Die Wahlanalyse wird entsprechend nüchtern ausfallen, denn die Grünen haben keines ihrer Wahlziele erreicht: Sie regieren nicht mehr, sollten CDU und SPD zueinanderfinden – was als ausgemacht gilt. Und sie sind nicht stärkste Kraft geworden. Im Gegenteil, wenn auch nur mit 53 Stimmen denkbar knapp, rangieren sie nur auf Rang drei hinter CDU und SPD. Immerhin verloren sie von den drei gegenwärtigen Regierungsparteien am wenigsten an Zuspruch. Das Ergebnis von 18,4 Prozent liegt nur einen halben Prozentpunkt hinter dem Ergebnis von 2021.
Die Stimmung wechselt in diesen Tagen zwischen Schockstarre, Enttäuschung, Wut über die SPD und einem „Jetzt-erst-recht“-Gefühl. Die Ursachen für den Ausgang der Wahl und das Aus in den Sondierungsgesprächen sind vielfältig,
Den Grünen wurde „Kriegstreiberei“ vorgeworfen
Alle Wahlkämpfer berichten davon, dass ihnen an den Wahlständen der Vorwurf der „Kriegstreiberei“ entgegenschlug. Die Forderung nach umfangreichen Waffenlieferungen für die Ukraine auf Bundesebene wurde den Grünen zum Vorwurf gemacht. Dazu passte der Satz von Außenministerin Annalena Baerbock, wonach Deutschland sich im Krieg mit Russland befinde, der bei den Grünen-Wählerinnen und -wählern nicht gut ankam.
Einige Grüne halten das frühe Festlegen auf die Fortsetzung der rot-grün-roten Koalition für einen Fehler, andere monieren, dass das Projekt Schwarz-Grün nicht entschlossen genug angegangen wurde.
Kaum Kritik wird an der glücklosen Spitzenkandidatin Bettina Jarasch laut. Bei den Grünen genießt sie ein hohes Ansehen, in seltener Einheit zwischen den Parteiflügeln wurde sie im Wahlkampf unterstützt. Dieser Zuspruch steht in einem merkwürdigen Widerspruch zur Wahrnehmung in der Öffentlichkeit jenseits der grünen Hemisphäre. Bei den Sympathiewerten war Jarasch bis zum Schluss unter den drei aussichtsreichen Spitzenkandidaten die am wenigsten beliebte Politikerin.

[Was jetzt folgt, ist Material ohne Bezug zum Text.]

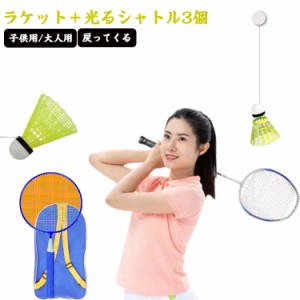 ラケット シングル バドミントン バドミントン 子供/大人 セルフ シングル 練習器具 室内 トレーニング 光るシャトル3個入り 初心者向け 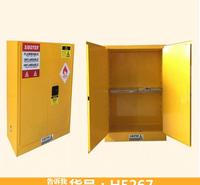 天腾防爆正压柜 控制柜防爆 防爆工具柜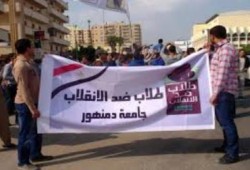 "طلاب ضد الانقلاب" بدمنهور تعلن المشاركة في "انتفاضة الشباب المسلم"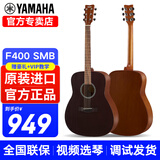 雅马哈（YAMAHA）F310吉他F400民谣吉他初学者入门男生女生成人新手练习印尼进口 41英寸F400黑色+豪华礼包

Die Schließung der Friedrichstraße kostete Stimmen
Auch, dass sie die endgültige Schließung der Friedrichstraße noch kurz vor der Wahl durchgezogen hatte, kostete der Partei Stimmen. Das stand im Widerspruch zu dem offenen Verfahren zur Gestaltung der historischen Mitte, das Jarasch stets betonte.
Die Lehren aus der verkorksten Wahl will die Partei in den kommenden Wochen nun in verschiedenen Gremien und auf verschiedenen Ebenen vornehmen. Und dann?
Einig sind sich die Grünen darin, von der ersten Minute an harte Opposition gegen die Neuauflage der GroKo, die nicht mehr ganz so groß ist, zu führen, um dann 2026 neu anzugreifen. „Giffey und Saleh wollen Berlin gemeinsam mit der CDU zurück ins letzte Jahrtausend führen und die Zukunft unserer Stadt unter einer Betonschicht begraben“, sagte Grünen-Landeschef Philmon Ghirmai am Dienstag. „Unser Widerstand dagegen ist sicher.“
Die Grünen wollen sich die Option Rot-Grün-Rot offenhalten
Zwar ist die Partei verärgert auf die SPD und wie sie die rot-grün-rote Koalition beendet hat. Andererseits will sie sich die Option des Dreierbündnisses auch nicht verbauen. In vielen Zielen stimmen die drei Parteien überein. Andererseits haben die Grünen die Avancen der CDU wohlwollend aufgenommen. Bis zuletzt habe man ernsthafte Gespräche geführt.
Womöglich hat CDU-Spitzenmann Kai Wegner sich am Ende nur für die SPD entschieden, weil mit den Sozialdemokraten schneller eine Einigung erzielt werden kann. Da nur dreieinhalb Jahre bis zur nächsten Wahl anstehen, wollte Wegner das Risiko eines schwarz-grünen Projekts nicht eingehen. Zu tief sind noch die Gräben zwischen beiden Parteien in vielen Fragen.
Einen Dämpfer haben die schwarz-grünen Annäherungen allerdings bereits am Wochenende erfahren. CDU-Spitzenmann Wegner sprach sich in einem Interview mit der Berliner Morgenpost für die Randbebauung des ehemaligen Flughafens Tempelhof und die Verlängerung der A 100 aus - beides sind Vorhaben, die mit den Grünen nicht zu machen sind, auch nicht in der Zukunft.